アベノミクスの成長戦略に位置付けられた医療分野の国際展開。新たな市場として脚光を浴びるミャンマーでも日本の存在感を高めようと、乳がん検診などの事業性調査が実施された。2011年の民政移管後、ミャンマー政府は保健医療分野の予算を増やしており、関係業界が熱い視線を送る。

◆狙いは市場開拓

 市場開放で活気づく最大都市のヤンゴン。首都は06年、北へ約320キロのネピドーへ移ったが、国立や民間の病院が集まっている。

 産婦人科を中心とする国立ヤンゴン中央婦人病院は植民地時代の1897年、英国によって設立。何度か病棟を増やし、「記念すべき建物だが、老朽化が心配だ。もう新しい建物を建てる場所がない」とチョー・シュウェ院長(57)。

 同病院で昨年12月、日本の経済産業省の補助による乳がん検診が行われた。富士フイルム(東京都港区)のデジタルX線画像診断システムを使い、受診したミャンマー人女性203人のうち3人が乳がんと診断された。実施したのは、同社やコンサルティング会社のメディヴァ(世田谷区)などで構成する事業体。検診の仕組みを普及させることで機器の市場を開拓するなどの狙いがある。

 調査では、停電が頻発するうえ、温度・湿度の管理が難しいため、使える機器が限られるなどインフラの課題が浮上。しかし、ミャンマー保健省から公的乳がん検診の普及に向け、協力を要請される成果もあった。広く実施できれば市場は一気に拡大する。だが、「乳がん検診までお金が落ちて来るのはかなり難しい」(メディヴァ)のが実情のようだ。

◆「全国民に医療」目標

 公的な保健医療サービスは軍事政権下で整備が滞り、施設や機器の老朽化が目立つ。富裕層はタイやシンガポールで医療を受け、ヤンゴンでは民間の医療施設が増えている。

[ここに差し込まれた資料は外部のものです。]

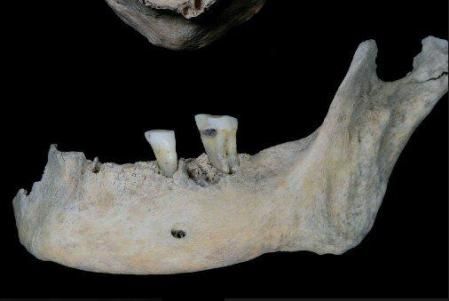 A la mandíbula de esta mujer de hace 2.000 años apenas le quedaban tres dientes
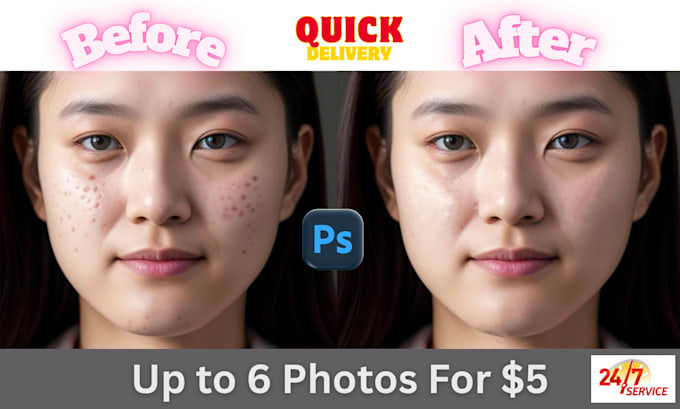 remove pimples and dark spots from the face and body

 主に中産階級の患者が「設備が新しい」などの理由で利用する市内の民間病院の待合室。主婦のタン・エイさん(50)は「治療費が高くつくので困っています。これ以上、娘に負担をかけたくない」と涙ぐんだ。30年来の足の腫瘍が痛み出し、病院近くの工場で働く娘の勧めで南東部のモン州から出てきた。提示された額をめぐり、病院側と交渉中だ。

 日本の国民皆保険のような制度はなく、患者の経済的負担は大きい。民間の医療費は医療施設や医師ごとに決まり、保健省傘下の公的病院の診療費は無料が原則だが検査や手術などは患者が負担する。貧困層でも混み合う公的病院を避けて民間を受診する人が少なくない。医療従事者も不足し、農村部では助産師が公衆衛生を担っている。

 民政移管後、政府は保健医療予算を増やし、総支出に占める割合は2011年以前の1%前後から14年には3・5%に増加。軍事政権下で途絶えていた海外からの援助も増え始め、状況は好転している。政府は今年4月、全ての人々が基礎的な保健医療サービスを受けられる「ユニバーサル・ヘルス・カバレッジ」達成へ方策を発表した。財源の確保に日本のような制度を導入するのか、他の仕組みか、世界が注目している。(寺田理恵が担当しました)

◇                   

 ■医療費はコストシェアリング

 公的医療サービスは無料か、有料か-。

 医療施設は保健省傘下の公的病院が主体で、農村部では農村保健センターや末端のサブセンターに助産師らが配置されている。英国の国営医療サービスの流れをくみ、「診療費は無料」が原則。しかし、医師は「払える患者は払う」。受診者は「出産するために寄付をしなければならない」と不安を漏らす。詳しく尋ねると、実際は費用がかかる。軍事政権下で財源不足から「コストシェアリング」方式が導入され、検査や手術などのコストは患者負担。薬が不足していれば患者が購入するという。